The Hindu American Foundation said it was "deeply disturbed" that the President would endorse what it described as "racist screeds," warning the rhetoric could stoke xenophobia and endanger communities.
The White House defended Trump's decision to repost the remarks, with spokesman Desai pointing to the President's "strong friendship with Prime Minister Narendra Modi" and his affection for "patriotic Indian Americans who were an important bloc in the historic election victory."
The constitutional fight in America
The backdrop to Trump's repost is a Supreme Court case expected to deliver judgment by the end of June on the legality of his executive order seeking to end birthright citizenship.
Birthright citizenship in the United States is enshrined in the 14th Amendment, ratified in 1868, which states:
"All persons born or naturalised in the United States, and subject to the jurisdiction thereof, are citizens of the United States."
Since the landmark 1898 decision in United States v. Wong Kim Ark, this has been interpreted to grant citizenship to nearly all children born on US soil, regardless of the immigration status of their parents.
Trump's executive order, signed within hours of taking office in January 2025, seeks to deny automatic citizenship to children born in the US to parents who are undocumented or in the country temporarily.

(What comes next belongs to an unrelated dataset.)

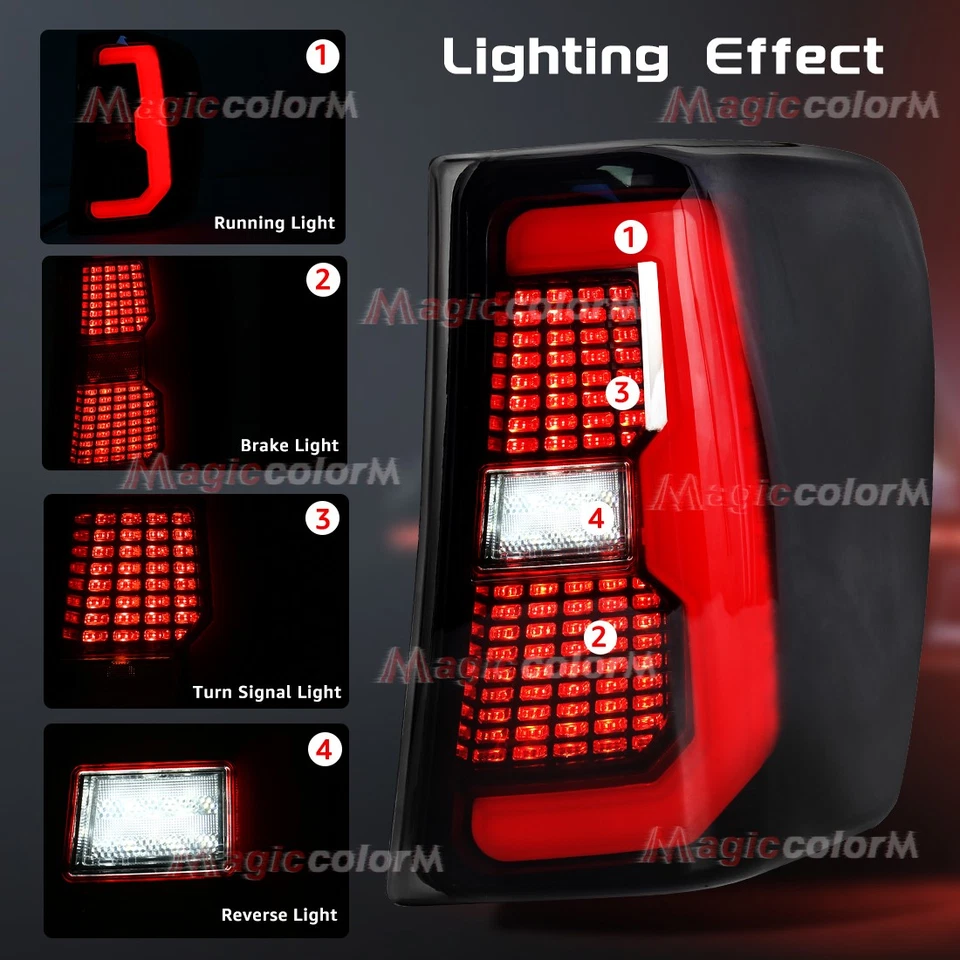 For 1999-2004 Jeep Grand Cherokee Smoke Tail Lights Brake Rear Lamps Left+Right Foto 2 de 4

The Migration Policy Institute estimates more than 250,000 babies born annually could be affected.
"We are the only country in the world stupid enough to allow 'Birthright' Citizenship!" Trump posted earlier this month after the Supreme Court hearing.
That claim, however, is incorrect.
Roughly three dozen countries still offer some form of unrestricted or conditional birthright citizenship — including Canada, Mexico and most of Latin America.
Australia had this fight — and won it — four decades ago
For Australians, the American debate feels strangely familiar.
That's because Australia had the very same argument back in the 1980s — and quietly settled it.
Until August 20, 1986, Australia operated under the British common law principle of jus soli — "law of the soil" — granting automatic citizenship to anyone born on Australian soil, regardless of their parents' status.
But a 1985 High Court case changed everything.
In Kioa v West, a Tongan couple who had overstayed their student visas argued that the Australian-born citizenship of their infant daughter Elvira gave her — and by extension them — a legitimate expectation of being allowed to remain in Australia.
The family lost the case, but it exposed what the Minister for Immigration and Ethnic Affairs of the day described as "a generosity in our law [that] can be exploited by visitors and illegal immigrants who have children born here in order to seek to achieve residence in Australia."
The Australian Parliament moved quickly — and with bipartisan support — to pass the Australian Citizenship Amendment Act 1986, which abolished pure birthright citizenship and replaced it with a system based on jus sanguinis, or "law of blood."
Today, a child born in Australia is only automatically an Australian citizen if at least one parent is an Australian citizen or permanent resident at the time of the child's birth.
A secondary pathway allows children to claim citizenship if they live in Australia for their first ten years of life.
Critics have long argued the 1986 reform was driven in part by xenophobic fear-mongering, particularly around rising Asian immigration in the 1970s and 1980s.
Others argue it was a reasonable measure to prevent migration law from being circumvented.
A fundamental legal gap
What makes Trump's task so much harder than the one faced by the Hawke Government is the constitutional architecture.
Australian citizenship is governed by ordinary legislation, which Parliament can amend with a simple majority.
American birthright citizenship is constitutionally protected — and can only be meaningfully altered through a constitutional amendment, a process that requires two-thirds of both houses of Congress and ratification by three-quarters of the states.
It is why legal experts across both countries broadly expect the Supreme Court to strike down Trump's executive order.